For this exercise, retype each line of the material below verbatim and omit any picture.
═════ EXERCISE DATA ═════
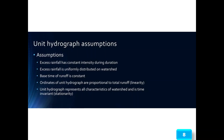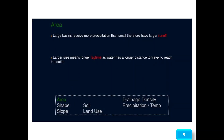The assumptions of unit hydrograph are: excess rainfall has constant intensity during its duration; excess rainfall is uniformly distributed on the watershed; base time of runoff is constant; ordinates of unit hydrographs are proportional to total runoff, indicating linearity; and the unit hydrograph represents all characteristics of the watershed and is time-invariant, known as stationarity.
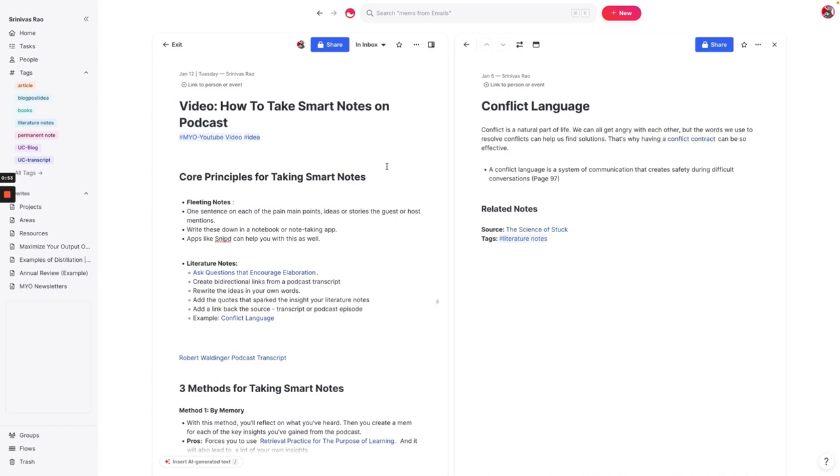But the core step of taking smart notes is what are called literature notes. And literature notes are where you rewrite an idea in your own words, and then you link back to your original source. And this is where you want to ask questions that encourage elaboration and maybe come up with some of your own ideas.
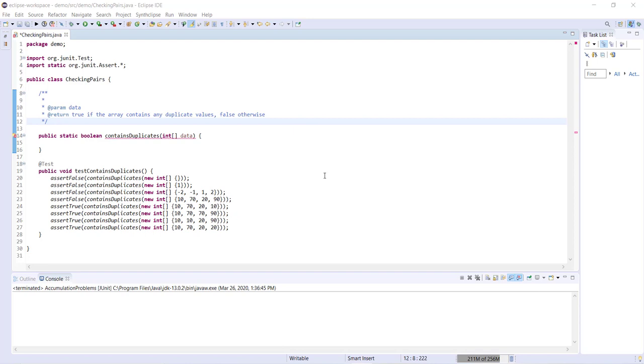Hi guys, so in this video we're going to be looking at an array problem that involves checking pairs. It involves looking at each item in an array and comparing it to each other item in that same array.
═════
** EXERCISE SOLUTION **
The assumptions of unit hydrograph are: excess rainfall has constant intensity during its duration; excess rainfall is uniformly distributed on the watershed; base time of runoff is constant; ordinates of unit hydrographs are proportional to total runoff, indicating linearity; and the unit hydrograph represents all characteristics of the watershed and is time-invariant, known as stationarity.
But the core step of taking smart notes is what are called literature notes. And literature notes are where you rewrite an idea in your own words, and then you link back to your original source. And this is where you want to ask questions that encourage elaboration and maybe come up with some of your own ideas.
Hi guys, so in this video we're going to be looking at an array problem that involves checking pairs. It involves looking at each item in an array and comparing it to each other item in that same array.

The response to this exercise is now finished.